Other studies on the efficacy of desogestrel containing third-generation oral contraceptive for DUB are limited. A prospective trial was conducted by A. Kriplani to find the effectiveness and acceptability of combined oral contraceptive containing desogestrel and Ethinyl estradiol for management of DUB. A significant reduction (p<0.0001) in the mean number of bleeding days was observed, similarly a high mean PBAC score of 224 and 250 reduced to 70 and 55 (p<0.0001) in group I (cases with heavy menstruation) and group II (cases with heavy and irregular bleeding) respectively in three consecutive cycles. Cycle pattern also was found to be regularized in group II and III (cases with irregular bleeding only) (Agarwal & Kriplani, 2001). These results are agreeable with our results. However, no comparative study between levonorgestrel containing OCP and desogestrel containing OCP is there to prove the efficacy for evaluating our results.
Our study shows 56.68% reduction in mean PBAC score in 2 months in group D whereas only 44.96% reduction in group L and 79.87% reduction in mean PBAC score in group D in 4 months whereas only 74.46% reduction in group L. Our study also showed a significant increase in body weight in both groups.
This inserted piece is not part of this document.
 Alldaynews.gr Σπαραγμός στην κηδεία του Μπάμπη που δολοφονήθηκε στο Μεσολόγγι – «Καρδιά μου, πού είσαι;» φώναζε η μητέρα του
Still, the increment in mean body weight was more significant in group L. Other side effects like headache and acne were found to be prominent in group L than in group D.
Limitations of the study
Due to the short duration of the study, we were unable to find evidence regarding long term side effects of the drugs. Long term follow up was required to find the efficacy of the drug in some subjects and to justify the recurrence.
Implications for Practice and Policy
The use of COC has a high potential for facilitating quality of life in women with DUB. Studies have shown that COCs are useful in the treatment of irregular menstrual cycles and menorrhagia. In our research, we have observed that desogestrel containing COC, which falls under the third generation COC are more safe and effective for treating DUB than levonorgestrel containing COC that falls under second-generation COC. These results may improve patient care for DUB by making an appropriate therapeutic decision in the treatment of DUB. Future researches can improvise these results by applying it to a larger proportion of women diagnosed with Dub and thereby improving the quality of life for women with DUB.
Conclusion
From the above results and observations, it can be concluded that desogestrel containing the third generation combined oral contraceptive is superior to levonorgestrel containing the second generation combined oral contraceptive in efficacy, safety and compliance and can be a better option in increasing cycle regularity and decreasing MBL in any reproductive age, especially in peri-menopausal age and adolescence.
Acknowledgement
We acknowledge the Vels Institute of Science, Technology and Advanced Studies (VISTAS) for funding our project. We also acknowledge ESI hospital physicians, nurses and other healthcare teams who provided us with the required facilities to do the research.
Funding Support
This research receives no specific grant from any funding agency.
Conflict of Interest
The authors declare that they have no conflict of interest for this study.